The final effect was claustrophobic in the extreme. Dion loved it, Sylphide tolerated it, and Juno loathed it. Juno loathed it because at Wits’ End an era had been recreated when women were nothing but chattels. Dion loved it for the same reason. And Sylphide, apparently unaware of the psycho-philosophical implications, simply revelled in the windy silence of the valley, the frequency of Dion’s continued lovemakings, and the subtle smugness of pregnancy.

The relationship between the three of them was exceedingly complicated, but workable. Juno wanted a child—specifically Dion’s child—and she was prepared to tolerate much to acquire it amicably. Dion also wanted a child and wanted consciously to love the woman who bore it—wanting to demonstrate that what he believed to be a natural relationship was the only one it was possible to fully enjoy. This
did not prevent him from desiring Juno—or from needing her. There were times when he could happily have broken a water barrel over Sylphide’s head—her conversation being somewhat limited—and at such times, Juno was the perfect antidote. But Juno was, by herself, not enough.
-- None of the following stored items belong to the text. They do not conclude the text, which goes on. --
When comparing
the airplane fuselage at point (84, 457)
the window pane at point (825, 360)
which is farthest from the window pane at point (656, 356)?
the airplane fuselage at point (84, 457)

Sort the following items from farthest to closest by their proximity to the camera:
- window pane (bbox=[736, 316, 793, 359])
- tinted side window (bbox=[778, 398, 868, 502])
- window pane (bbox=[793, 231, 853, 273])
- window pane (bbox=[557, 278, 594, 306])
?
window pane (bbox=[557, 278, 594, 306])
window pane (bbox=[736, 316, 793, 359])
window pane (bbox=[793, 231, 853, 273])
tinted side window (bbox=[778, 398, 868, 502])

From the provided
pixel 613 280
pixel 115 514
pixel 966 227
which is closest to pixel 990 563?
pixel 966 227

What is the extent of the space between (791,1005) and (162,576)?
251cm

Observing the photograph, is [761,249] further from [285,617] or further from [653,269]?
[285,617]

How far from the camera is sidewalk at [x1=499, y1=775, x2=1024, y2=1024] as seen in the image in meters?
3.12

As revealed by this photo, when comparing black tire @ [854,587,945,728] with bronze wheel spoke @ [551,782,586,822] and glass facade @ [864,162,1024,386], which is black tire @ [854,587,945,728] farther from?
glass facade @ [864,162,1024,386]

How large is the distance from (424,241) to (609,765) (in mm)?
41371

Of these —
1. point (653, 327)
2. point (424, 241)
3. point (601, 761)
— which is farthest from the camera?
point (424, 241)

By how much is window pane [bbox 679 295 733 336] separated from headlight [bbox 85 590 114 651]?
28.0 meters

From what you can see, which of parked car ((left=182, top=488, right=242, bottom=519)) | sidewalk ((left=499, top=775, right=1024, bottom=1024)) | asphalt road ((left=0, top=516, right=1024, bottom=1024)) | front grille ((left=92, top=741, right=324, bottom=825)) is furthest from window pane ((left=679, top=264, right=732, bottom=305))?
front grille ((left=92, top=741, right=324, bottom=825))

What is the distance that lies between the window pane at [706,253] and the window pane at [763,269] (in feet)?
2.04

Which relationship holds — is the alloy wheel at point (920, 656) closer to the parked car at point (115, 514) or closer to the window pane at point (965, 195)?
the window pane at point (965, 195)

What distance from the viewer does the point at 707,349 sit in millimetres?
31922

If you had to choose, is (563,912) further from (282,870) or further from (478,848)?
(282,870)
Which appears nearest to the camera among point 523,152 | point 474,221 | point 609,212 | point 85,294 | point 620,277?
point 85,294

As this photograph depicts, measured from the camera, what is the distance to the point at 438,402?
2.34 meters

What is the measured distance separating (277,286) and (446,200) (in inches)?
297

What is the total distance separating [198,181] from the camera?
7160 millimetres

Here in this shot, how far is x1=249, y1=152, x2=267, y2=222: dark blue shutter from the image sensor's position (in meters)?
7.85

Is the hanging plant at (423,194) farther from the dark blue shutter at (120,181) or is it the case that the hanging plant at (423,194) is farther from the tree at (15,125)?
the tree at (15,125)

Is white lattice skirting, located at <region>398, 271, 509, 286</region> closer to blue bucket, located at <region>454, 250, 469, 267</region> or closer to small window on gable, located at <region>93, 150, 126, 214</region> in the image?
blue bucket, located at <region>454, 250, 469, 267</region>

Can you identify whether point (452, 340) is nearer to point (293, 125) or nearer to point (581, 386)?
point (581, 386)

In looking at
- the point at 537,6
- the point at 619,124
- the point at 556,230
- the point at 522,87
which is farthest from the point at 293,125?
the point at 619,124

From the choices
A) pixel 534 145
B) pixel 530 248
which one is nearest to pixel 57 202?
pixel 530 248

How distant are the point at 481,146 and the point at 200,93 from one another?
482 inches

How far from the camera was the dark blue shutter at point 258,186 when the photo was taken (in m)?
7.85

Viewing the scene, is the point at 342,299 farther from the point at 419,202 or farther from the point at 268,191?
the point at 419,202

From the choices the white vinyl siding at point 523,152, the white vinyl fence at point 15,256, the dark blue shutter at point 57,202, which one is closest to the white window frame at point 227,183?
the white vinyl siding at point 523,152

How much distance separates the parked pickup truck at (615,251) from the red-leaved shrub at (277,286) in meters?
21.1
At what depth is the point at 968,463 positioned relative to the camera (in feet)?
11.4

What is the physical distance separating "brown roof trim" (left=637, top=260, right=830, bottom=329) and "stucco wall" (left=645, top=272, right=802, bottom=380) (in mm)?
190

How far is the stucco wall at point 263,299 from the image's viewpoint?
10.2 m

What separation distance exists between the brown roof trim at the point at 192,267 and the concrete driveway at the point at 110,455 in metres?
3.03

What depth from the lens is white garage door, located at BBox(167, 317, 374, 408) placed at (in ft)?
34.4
Nor was Sylphide. Therein lay his quandary. He was looking for one woman whom he could wholly love, yet he could only find different aspects in two quite different women. As for Sylphide, she wanted little but security and physical fulfilment. Granted these, she was happy enough in her role of reproductive vegetable.

There were times—very frequently—when Juno tired of the Wits’ End pattern of existence and had to go back to London and place her finger on the pulse of the city. There were times—infrequently—when Dion had to do the same. But they rarely went together.